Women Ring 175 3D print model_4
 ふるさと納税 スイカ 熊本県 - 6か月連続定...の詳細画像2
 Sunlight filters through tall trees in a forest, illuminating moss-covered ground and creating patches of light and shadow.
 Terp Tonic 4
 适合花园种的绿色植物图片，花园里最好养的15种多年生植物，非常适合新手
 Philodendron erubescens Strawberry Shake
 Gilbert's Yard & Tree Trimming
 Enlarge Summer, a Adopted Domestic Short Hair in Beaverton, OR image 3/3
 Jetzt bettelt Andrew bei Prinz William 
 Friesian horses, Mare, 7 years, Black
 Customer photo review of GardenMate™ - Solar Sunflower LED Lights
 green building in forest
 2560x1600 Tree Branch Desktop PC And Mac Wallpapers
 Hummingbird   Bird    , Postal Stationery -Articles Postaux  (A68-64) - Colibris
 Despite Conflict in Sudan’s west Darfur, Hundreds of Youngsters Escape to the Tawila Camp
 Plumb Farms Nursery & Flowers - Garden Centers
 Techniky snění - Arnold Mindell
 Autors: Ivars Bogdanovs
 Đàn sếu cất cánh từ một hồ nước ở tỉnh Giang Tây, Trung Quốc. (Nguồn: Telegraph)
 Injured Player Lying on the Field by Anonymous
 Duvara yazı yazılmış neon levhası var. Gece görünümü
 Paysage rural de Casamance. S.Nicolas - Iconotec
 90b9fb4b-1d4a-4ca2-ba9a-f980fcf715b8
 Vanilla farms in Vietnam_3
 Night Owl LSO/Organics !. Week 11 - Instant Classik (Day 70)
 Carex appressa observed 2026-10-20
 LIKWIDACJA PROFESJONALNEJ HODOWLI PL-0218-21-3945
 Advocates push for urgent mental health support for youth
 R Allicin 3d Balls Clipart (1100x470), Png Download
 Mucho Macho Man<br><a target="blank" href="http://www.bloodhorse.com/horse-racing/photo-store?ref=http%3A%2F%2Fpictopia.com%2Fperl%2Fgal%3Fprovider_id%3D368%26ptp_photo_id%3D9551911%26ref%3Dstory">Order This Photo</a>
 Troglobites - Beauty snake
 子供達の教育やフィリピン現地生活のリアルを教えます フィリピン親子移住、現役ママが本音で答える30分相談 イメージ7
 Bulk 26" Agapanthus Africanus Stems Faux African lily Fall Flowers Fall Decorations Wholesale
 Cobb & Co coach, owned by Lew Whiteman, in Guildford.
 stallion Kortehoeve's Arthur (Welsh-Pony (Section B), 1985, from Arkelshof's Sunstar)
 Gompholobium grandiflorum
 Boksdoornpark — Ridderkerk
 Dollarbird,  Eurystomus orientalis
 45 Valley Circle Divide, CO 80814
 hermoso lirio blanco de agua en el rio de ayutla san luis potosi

### Assignment
Across the records above, show each line containing the word "photo".

### Problem solution
 Customer photo review of GardenMate™ - Solar Sunflower LED Lights
 Mucho Macho Man<br><a target="blank" href="http://www.bloodhorse.com/horse-racing/photo-store?ref=http%3A%2F%2Fpictopia.com%2Fperl%2Fgal%3Fprovider_id%3D368%26ptp_photo_id%3D9551911%26ref%3Dstory">Order This Photo</a>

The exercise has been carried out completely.